タイアップに関しては本人(「人」ではなく悪魔だ、と彼らとうるさいファンはいうだろうが)も吐露している。
89年リリースのベストアルバム『WORST』のライナーノーツで、代表曲『エルドラド』について閣下はこんな風なことを書いている。「この曲ほど飛行機の窓から雲を眼下に眺めながら聞くのにふさわしい曲はないと思うのに、機内プログラムの音楽に採用されないのは、やはり悪魔のバンドは不吉だからかのう?」と(珍しく「〜かのう」などという口調で)嘆いたのだ。


また、2000年に閣下がソロ(「!(エクスクラメイション)」名義)でリリースした『AGE OF ZERO!』については、当時キムタク主演で人気だったドラマ『HERO』の主題歌に「すごくふさわしいと思うのだが」と呟いてもいる(当時の公式サイトの日記より)。たしかにサビで「They need a hero」を繰り返す雄大な曲だ(『HERO』の主題歌は宇多田ヒカル『CAN YOU KEEP A SECRET?』)。
98年には「ふるさと総世紀末計画」と称し、全都道府県の地方企業のCMに無料で出演するキャンペーンを行っている。これも、タイアップ時代を生きた彼らなりの苦闘といっていい(珍作多し!)。


もっとも聖飢魔IIの楽曲に、大きなタイアップもなかったわけではない。B21スペシャル、ダウンタウン、ピンクの電話が結集した89年のバラエティ番組『全員出席!笑うんだってば』のエンディングを『BAD AGAIN 美しき反逆』が、オープニングはそのカップリングである『JOKER〜非力河童人間』が飾った。だが番組自体、出演していたダウンタウンの松本人志に「全員欠席していたんです」と後に述懐させるほど低調なもので、すぐに打ち切られてしまう。当時はバラエティ番組の主題歌は長期間同一の曲が用いられたもので、同じダウンタウン出演でも『夢で逢えたら』の主題歌『フリフリ65』(サザンオールスターズ)、『働く男』(ユニコーン)、『ダウンタウンのごっつええ感じ』の主題歌『恋のマジックポーション』(すかんち)などは印象的に長く用いられてヒットしたのだが、つまり聖飢魔IIはタイアップ元でハズレを引いてしまっている。
93年にはロックオペラ『ハムレット』の主題歌『世界一の口づけを』を手がける(バンドも出演。閣下は語り部、墓堀り、父親の亡霊の三役で八面六臂の頑張りをみせた)。しかしこのオペラも、主演のX JAPANのtoshlが、オフィーリア役の女優に洗脳されるきっかけとなった劇としてしか語られないものとなった(いまだに語ってる人も僕含め僅かだ)。

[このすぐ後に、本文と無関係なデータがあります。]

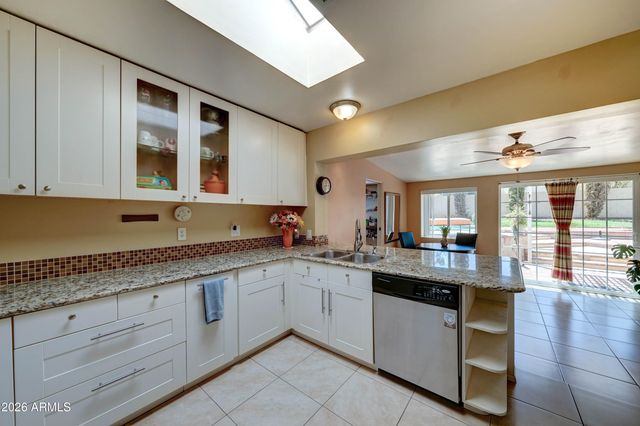 2545 E Vista Drive, Phoenix, AZ 85032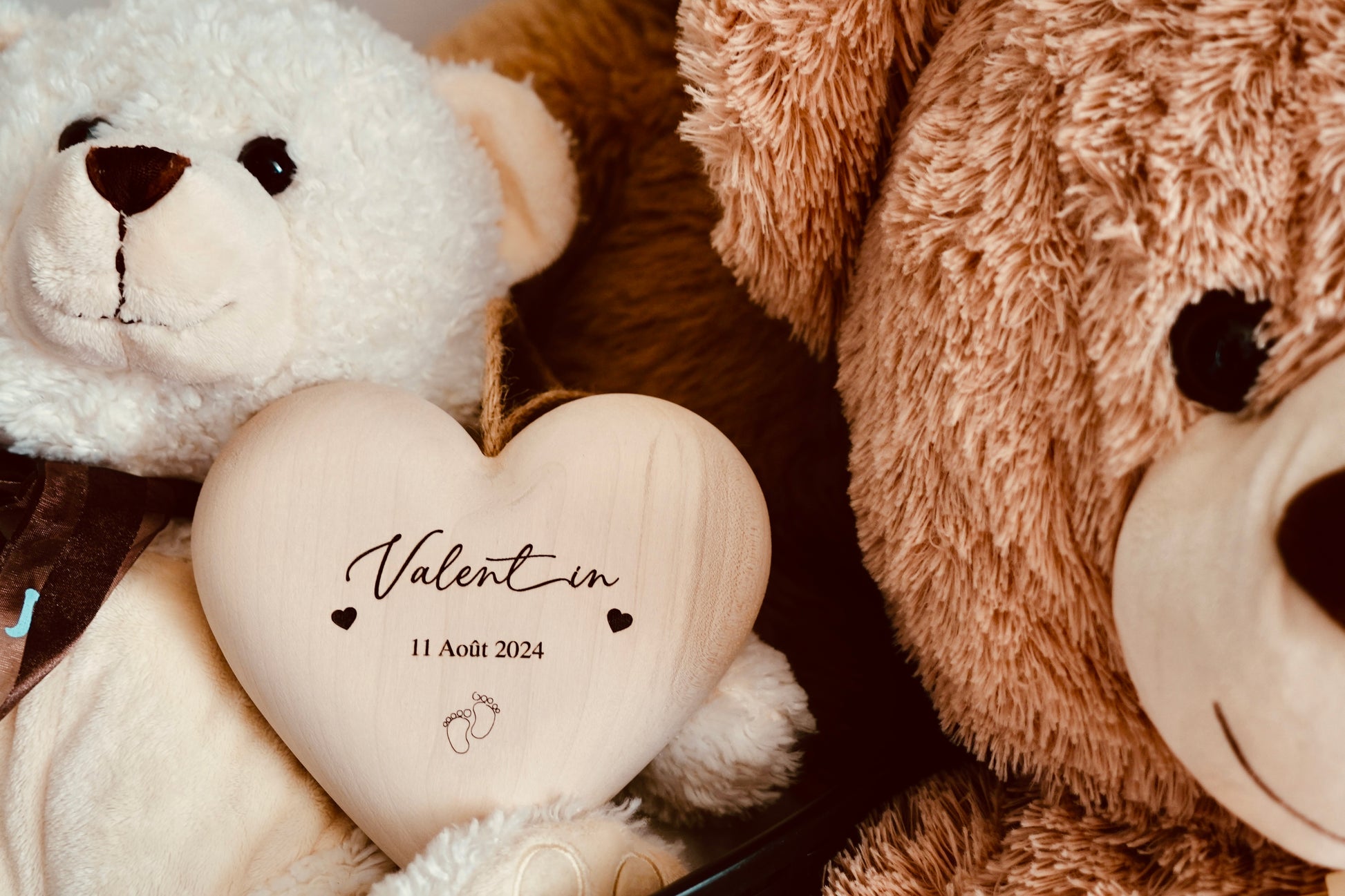 cadeau de naissance coeur en bois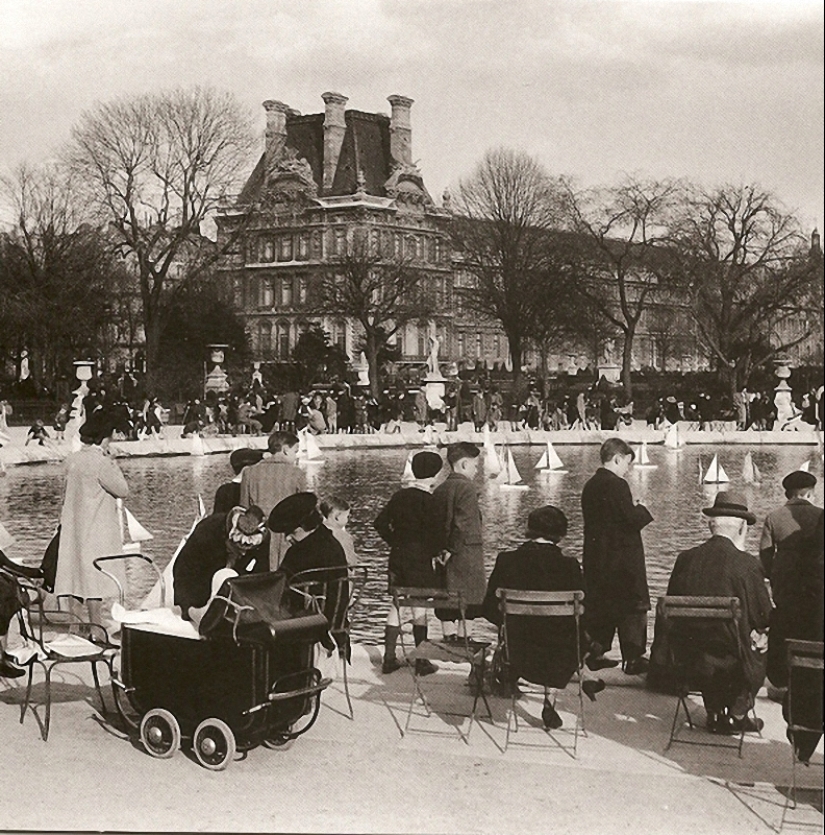 30 unique views of old Paris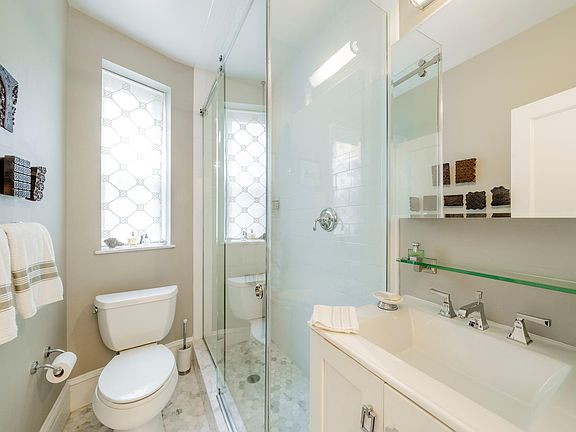 5th image of 425 E 51st St APT 8-G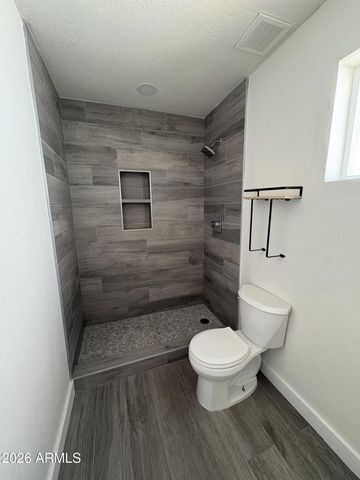 1718 E GLENROSA Avenue, Phoenix, AZ 85016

ほかにも、(閣下の「不吉だからかのう?」の嘆きとは裏腹に)生命保険会社のCMにバラード曲が使われたり、タイアップ全盛の九十年代にも進研ゼミや『上岡龍太郎にはだまされないぞ』や、スポーツニュースのエンディングにも彼らの曲は使用されたが、誰も覚えていないだろう。
意義のあるタイアップもあった。90年から数年にわたって放送された『FNS1億2000万人のクイズ王決定戦!』のナレーションを閣下がしたことから、エンディング曲は彼らの『WINNER!』だった。クイズの「勝者」が決まってから流れるのに相応しい曲だったが、番組も不定期だし、発売から時期を経ての選曲で、大ヒットに結びつきはしなかった(……今『WINNER!』は、作家の羽田圭介君のテーマに事実上なっているようだ)。

タイアップ曲とは


ドラマではないが、映像への「主題歌」としてのタイアップ曲も聖飢魔IIにはある。一つは91年、五社英雄監督の最晩年の作となった映画『陽炎』のエンディング曲『赤い玉の伝説』、もう一つは97年の深夜アニメ『MAZE☆爆熱時空』のオープニング曲『虚空の迷宮』だ。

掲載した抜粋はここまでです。